For years my mum put nut feeders up on a bird table in front of the kitchen window and I carried on where she left off, adding seed feeders and coconut shells filled with lard. So, we’ve always had our finches, tits, robins, and sparrows flitting back and forth across the garden from the safety of the shrubbery to the feeders.
As I’ve been digging the beds, feeding the soil, pulling out weeds and putting in more plants for the bees and pollinating insects, I’ve noticed that our birdlife has begun to increase too. Better soil means more worms and more plants means more insects – all tasty snacks for the birds.
We now have a resident blackbird and a thrush, the latter particularly welcome for the way it feeds on the snails that would otherwise be tucking into my vegetables at any opportunity. A thrush on snail patrol is an important ally for the gardener.
The last month has been a particularly lovely time for birdlife, as our feathered friends have been busy building nests and feeding their young. The blackbird has been patrolling the lawn, pecking insistently at the grass and moss to winkle our worms and other tasty morsels, then disappearing into the hedge to offload his hard won feast into hungry beaks.
The thrush has been scuffling about in the flower beds, impatiently tossing aside the dead leaves and twigs with her beak to get at the grubs underneath, until her beak too is full and she flies off into next door’s trees with her loot.
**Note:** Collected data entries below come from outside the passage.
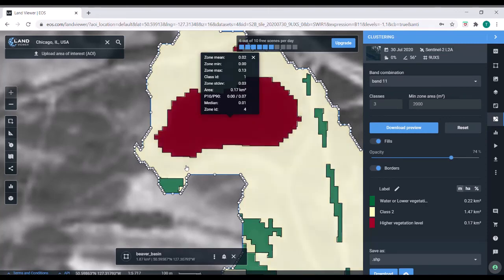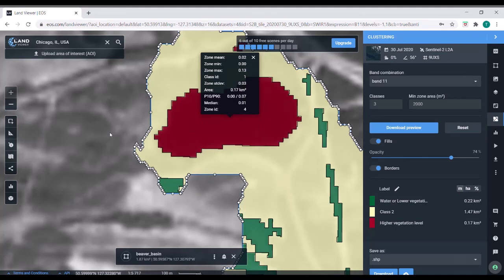So that's about all I wanted to show you with the LandViewer. Hope you guys found it useful. And if you ever wanted to check out some remote sensing things, I hope you have a better sense of what they are now. Thank you.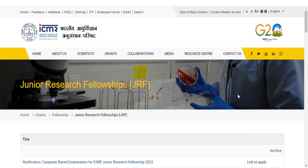Hello friends, welcome back to my YouTube channel Nassim Padasalay. In this video we are going to discuss the ICMR JRF examination syllabus. The information bulletin did not mention a specific syllabus for ICMR JRF — they asked us to follow the syllabus given by UGC.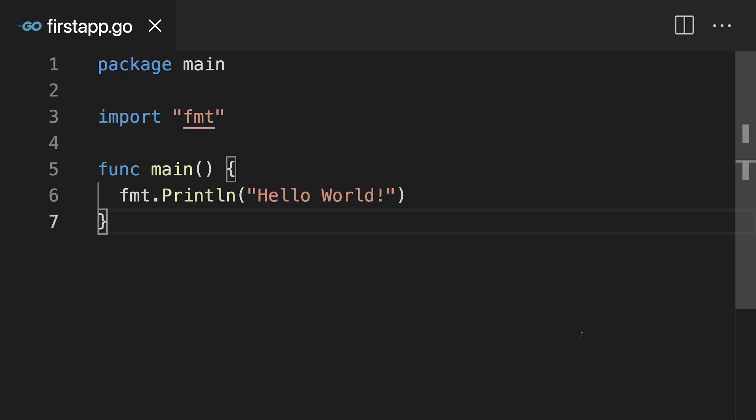And if you are then taking your next step into Go, it might be helpful to see how some code would look like in Python or JavaScript.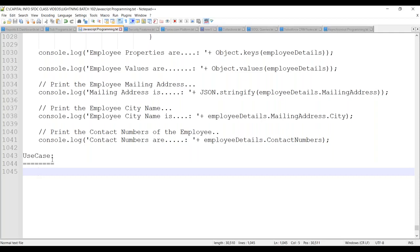In some cases, how can we combine multiple objects into a single object? Yesterday I showed you how to combine multiple arrays into a single array using two mechanisms — one is the concat method, and the second one is by using spread syntax from ECMAScript 6. By using concat method, we can combine multiple arrays into a single array. And by using spread syntax also, from ES6, we can combine.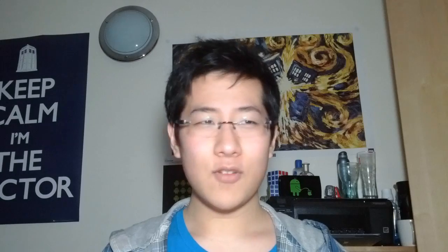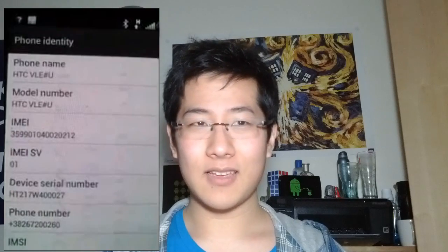A video of the HTC Veal was leaked onto the Internet. It was running a very early build of Ice Cream Sandwich 4.0. The leaker has probably been fired by now and is likely in the middle of getting sued — he was actually stupid enough to show the page with his IMEI, device serial number, and phone number. If you're going to leak something, at least do it properly.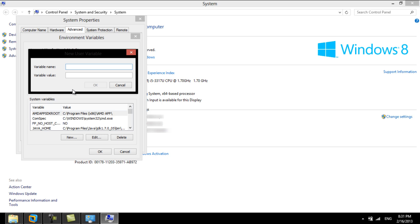Here you can define the variable name as anything you wish to set. Then define its value as the path to, let's say, a temporary directory.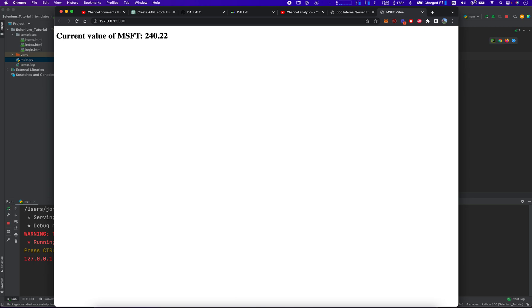Good. Good. Well, that's how you do it. That's how you create a simple Flask application to display a stock price using YFinance. If you like this video, please consider subscribing. Thank you very much. Bye bye.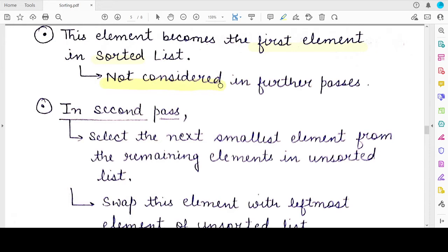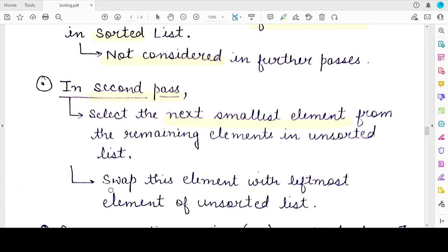Once the smallest element has been placed at its correct location, it is assumed sorted and not compared again in further passes. In the second pass, we check all remaining unsorted elements to find the second smallest. Once found, we swap it with the leftmost element of the unsorted list, which is now at index 1 — just adjacent to the smallest element placed at index 0 in the previous pass.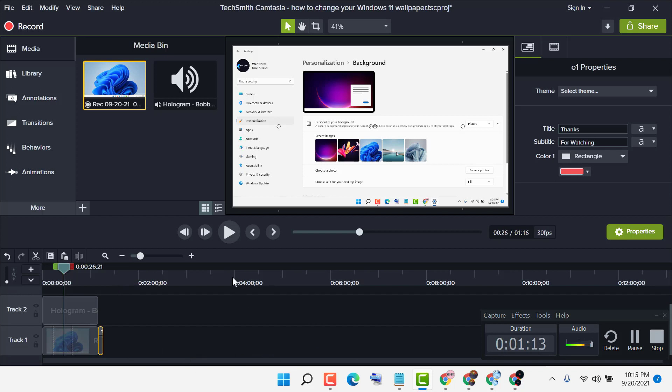So it's an easy way to create a video or you can say you can record your screen using Camtasia. Thanks for watching.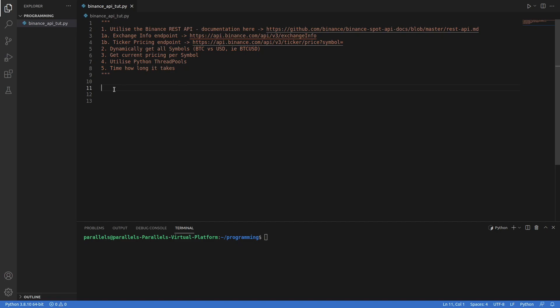What's going on coders, welcome back to this Python 3 channel. In this video, we're going to look at how we can use the Binance REST API.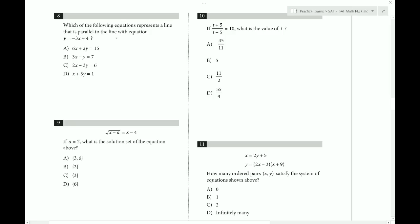Which of the following equations represents a line parallel to the given line? For parallel lines, we want the same slope — a slope of negative three. We can put each equation into y equals mx plus b form, or alternatively, put the given equation into the same form as the answer choices. Add 3x to both sides: we get 3x plus y. If we double through, we get 6x plus 2y equals 8. Notice that choice A has the same information on the left-hand side.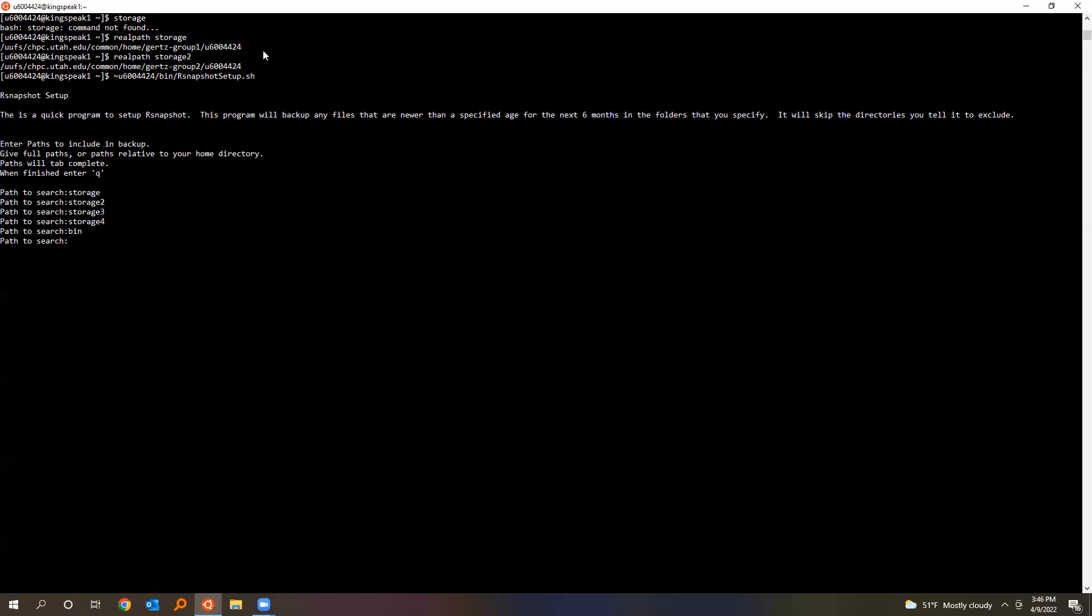I also backup my bin just because I'm always fiddling with files and sometimes I break stuff. You don't need to back up your home directories because those are backed up daily, but I do this because I need hourly backups. If you try giving it a place that doesn't exist, it'll catch that. Once you're done, just enter, leaving blank.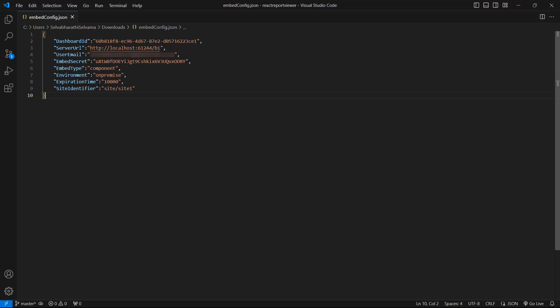Before embedding the dashboard into the application, you need to download the embedconfig.json file from the dashboard server. This file contains the ID of the dashboard that will be embedded in the application, as well as the dashboard server information, including the server URL, user email, and embed secret.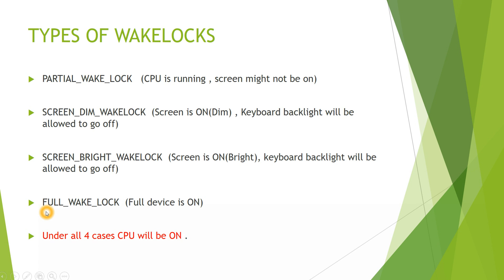The last type of Wake Lock is Full Wake Lock where the device is always on, full device is on including your CPU, your keyboard, backlight, screen, everything is on. One important point to remember is under all the four cases CPU will always be on.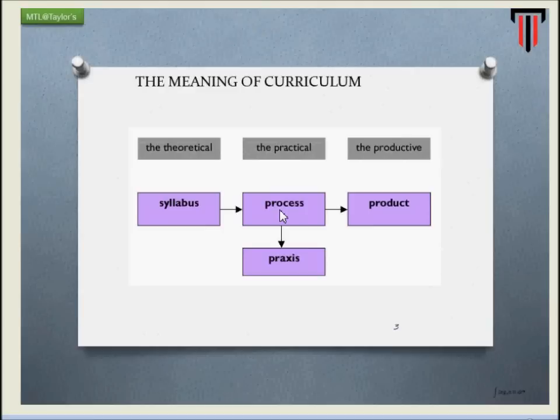When we talk about curriculum, basically you are bringing in three entities together: you are bringing in the content, you are bringing in the students, and you are bringing in the teacher or the faculty or the academic. So obviously there are going to be three perspectives: the theoretical perspective — the view from the content — the practical perspective — the view from the student — and the productive perspective — the view from a teacher or an academic.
The piece de resistance came this morning when Mr Woodpecker turned up on the peanut feeder with fluffy Baby Woodpecker in tow. As Dad attacked the peanuts with his long, strong beak, the youngster constantly looked around him, with the gormless look of a hatchling that isn’t quite sure what’s going on yet and is still trying to work out this strange new environment. Suddenly, with some signal between them that my human sense can’t detect, off they fly together.
I read somewhere many years ago that taking an interest in birdlife is a sure sign of middle age. Well, guilty m’lud.
It may well be a feature of age but I think that being a carer also has something to do with it. Life is so busy that I now appreciate it when I get a spare ten minutes to look out of the window and watch what’s going on in the garden. It’s gentle and relaxing and helps me remember how lucky I am to have that view on my doorstep.
In amongst the demands and responsibilities of caring, it’s a precious thing to have and I no longer take it for granted.